As immune cells, microglia serve a dual role in cognition. Microglia-derived sEV actively contribute to the development of cognitive impairment by selectively targeting specific cells through various substances such as proteins, RNA, DNA, lipids, and metabolic waste. In recent years, there has been an increasing focus on understanding the pathogenesis and therapeutic potential of sEV. This comprehensive review summarizes the detrimental effects of M1 microglial sEV on pathogenic protein transport, neuroinflammation, disruption of the blood-brain barrier (BBB), neuronal death and synaptic dysfunction in relation to cognitive damage.

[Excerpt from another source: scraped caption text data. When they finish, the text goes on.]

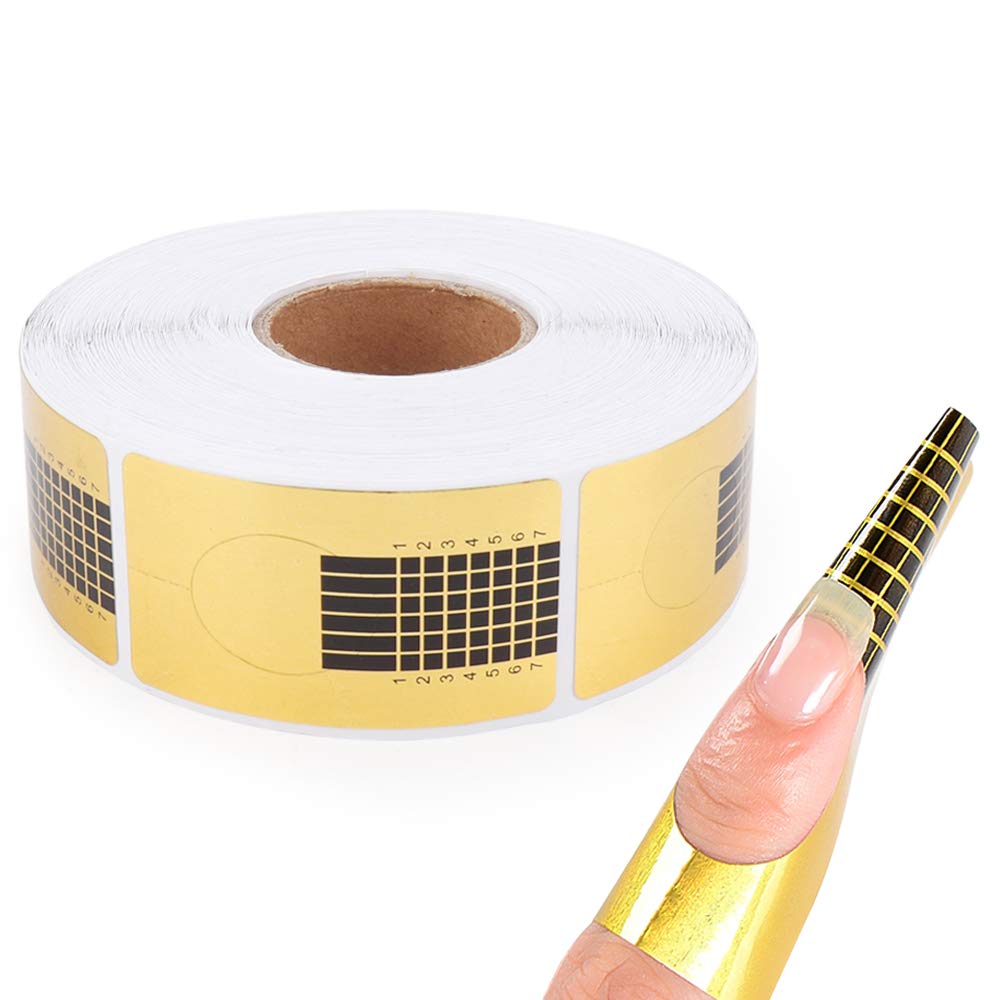Yokilly at-home workspace with forms ready for DIY nail art convenience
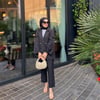 Tasarım İncim Takım-Siyah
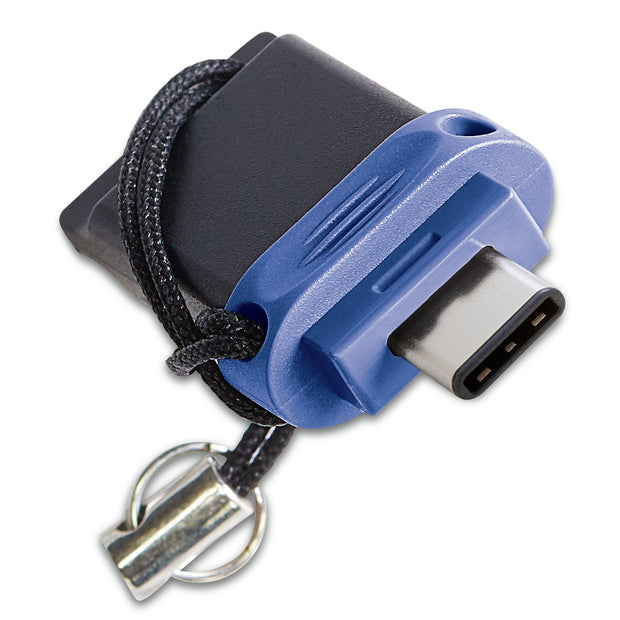 Verbatim Dubbel USB-enhet typ-C/USB 3.0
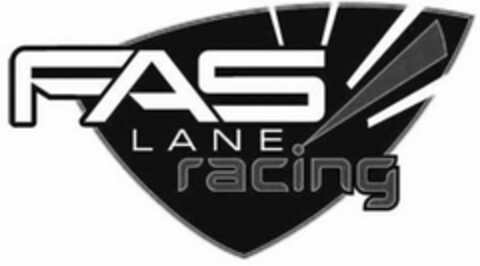 FAS LANE RACING Logo (USPTO, 31.01.2012)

Additionally, it highlights the beneficial effects of M2 microglia on alleviating cognitive impairment based on evidence from cellular experiments and animal studies. Furthermore, since microglial-secreted sEV can be found in cerebrospinal fluid or cross the BBB into plasma circulation, they play a crucial role in diagnosing cognitive impairment. However, using sEV as biomarkers is still at an experimental stage and requires further clinical validation. Future research should aim to explore the mechanisms underlying microglial involvement in various nervous system disorders to identify novel targets for clinical interventions.